# Gravel Grinder/ Cross Wheels



## Enoch562 (May 13, 2010)

Building up some cross wheels for a friend of mine. He's a wopping 150lbs so he is not going to hurt either of these rims since we are going for a 24/28 spoke build. These are going to see ALOT of gravel grinding in the mtns in wet conditions. 

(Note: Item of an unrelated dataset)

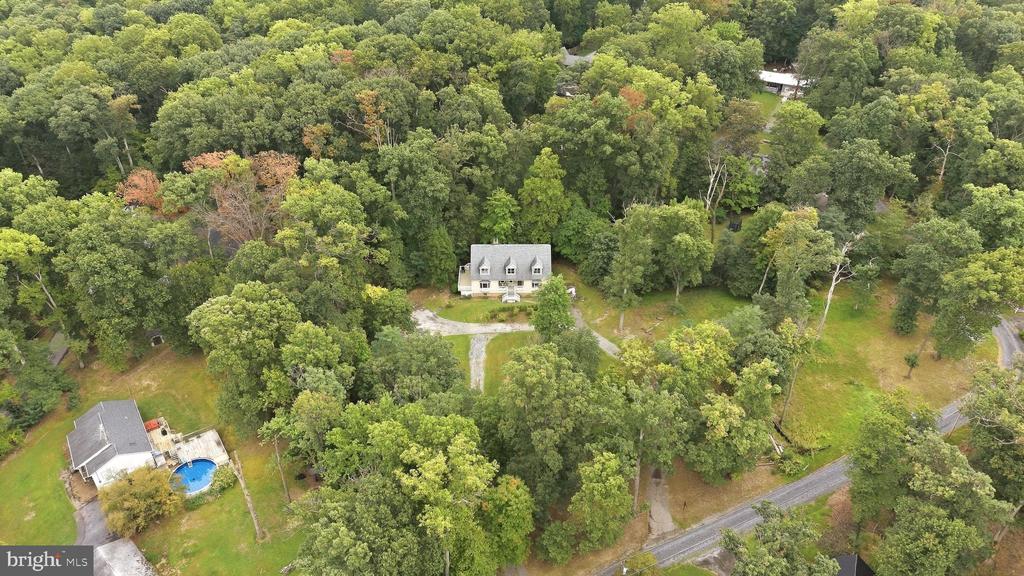 127 127 COOL GLEN CIRCLE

Between a Kinlin 279 and H Plus which would you recommend. Weight are close enough, I think it comes down to the best most durable brake track.


----------



## nOOky (Mar 20, 2009)

Personally I'd ride Stans Alpha 340 because I'd go tubeless for that kind of riding.


----------



## Zen Cyclery (Mar 10, 2009)

I think the SL23 from Pacenti is an option worth looking at. It has a nicer finish than the 279 and its a bit wider. I think the SL23 or Archetype would be good options.


----------



## GRAVELBIKE (Sep 16, 2011)

I weigh 195 and have no problems with the Pacenti SL23s in 24/28.


----------



## Enoch562 (May 13, 2010)

Enoch562 said:


> Between a Kinlin 279 and H Plus which would you recommend. Weight are close enough, I think it comes down to the best most durable brake track.


Lets try this again...


----------



## Whale_520 (Aug 16, 2012)

Enoch562 said:


> Lets try this again...


H+Son Archetype, TB14 or something else? Hard Ano, black Ano or Silver?


----------



## strathconaman (Jul 3, 2003)

I have built a set of wheels with the 279's and they are made of a much harder alloy than kinlin of old. If brake track wear is a big issue, think about the DT Swiss 440. they will have wear indicators on them.


----------



## changingleaf (Aug 20, 2009)

H plus Son TB14 with Hard Ano should have the best brake track.


----------



## Zurichman (Jan 3, 2014)

I am looking for some info on getting a set of rims built up for a Raleigh Tamland 1. which has disc brakes. I am a 185 - 195 lb. rider. I am looking for a mid price build probably with dt350 hubs and 28 on the rear and something a little bit over 24 on the front,

Thanks
Zman


----------